I offer to you a re-definition of maneuver / manoeuvre for these purposes.

First, though, let's look at the definition of "maneuver" by the biggest Western military:

Maneuver is movement in conjunction with fires (ADP 3-90).
The purpose of maneuver is to gain and exploit positions of relative advantage to accomplish the mission.

https://armypubs.army.mil/epubs/DR_pubs/DR_a/ARN38160-FM_3-90-000-WEB-1.pdf

It's also one of the most crappy definitions of "maneuver" I've ever seen if not the worst ever. It supposes that there was no maneuver before the invention of firearms. To sneak into the rear of a n enemy position is not "maneuver" according to the U.S. Army. That's ridiculous.

You may also note that the maneuver vs. attrition debate was 'solved' by the official American (Army) definition of maneuver in a most lazy way; maneuver was defined as moving in battle while someone non-hostile shoots. This didn't answer the debate that started in the early 80's; it sabotaged it. Americans cannot discuss maneuver vs. attrition if they stick to their official definition.

My encounters with such crappy professional insider works are the reason why I dare to voice dissent instead of being in awe of the established paradigms.
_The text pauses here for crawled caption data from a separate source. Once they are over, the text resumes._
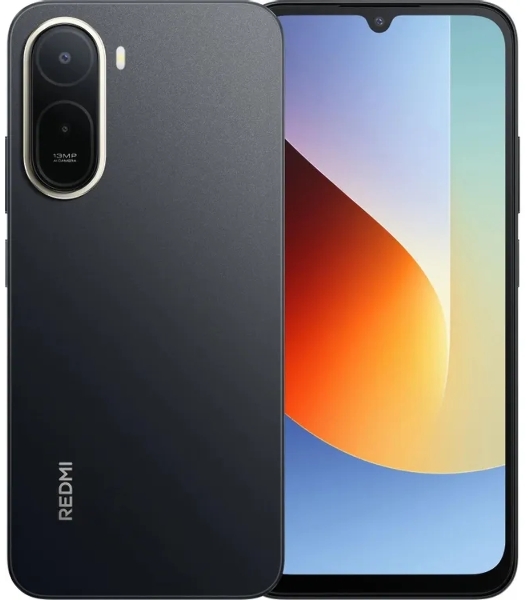 Смартфон Xiaomi Redmi A7 Pro 4Gb, 64Gb, черный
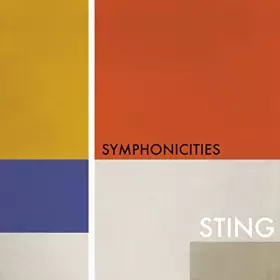 Couverture du produit · Symphonicities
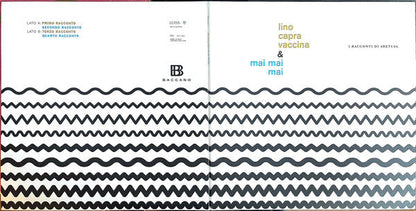 I Racconti Di Aretusa (VINYL) | Mint (M) Mint (M)-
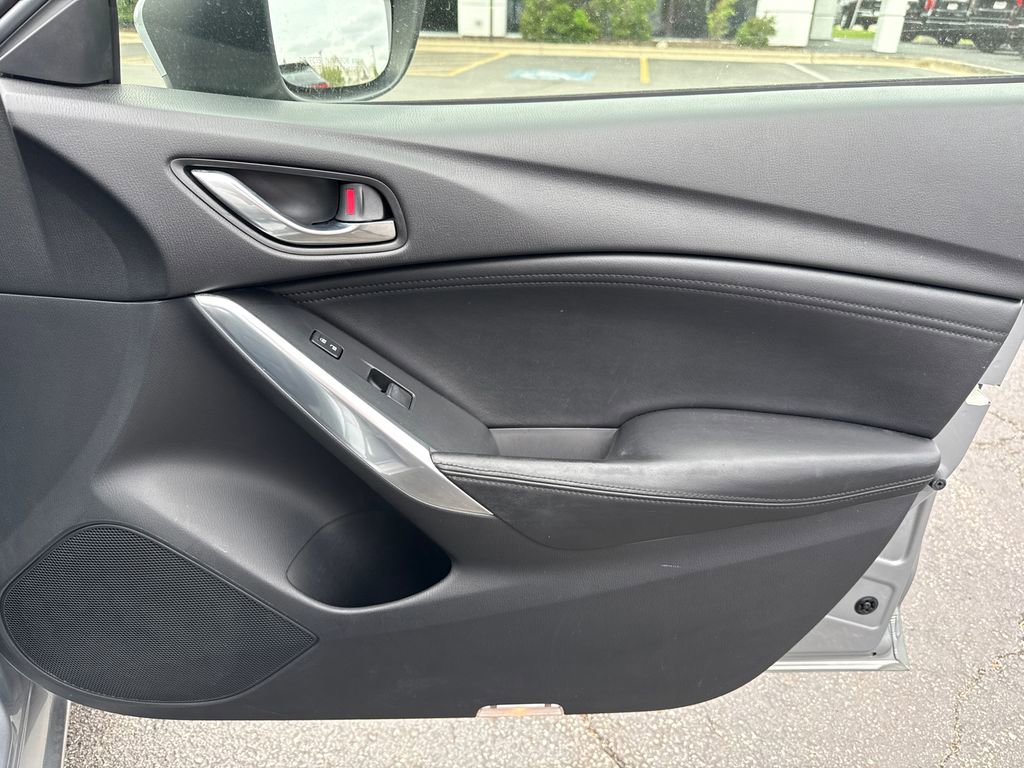 Used 2014 MAZDA MAZDA6 Touring FWD image 35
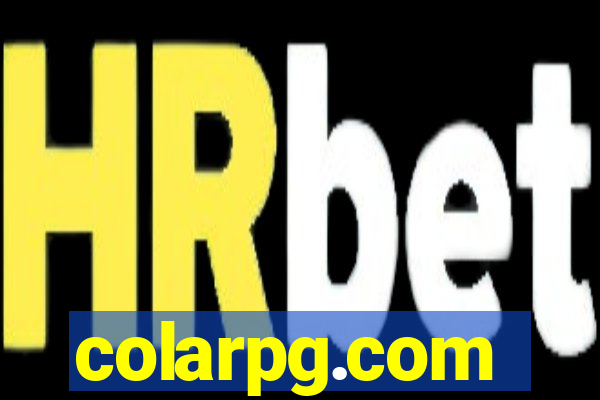 colarpg.com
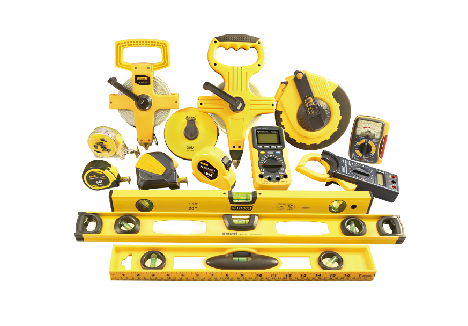 Measuring-Tools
My definition for manoeuvre/maneuver:

Maneuver/manoeuvre is movement to exploit superior readiness.

Important remarks for interpretation:

  1. The movement can create or improve the superior readiness, for example by encirclement, by shock or by the morale effect of arriving reinforcements.
  2. The exploitation can happen in the near future, enabled by the movement. 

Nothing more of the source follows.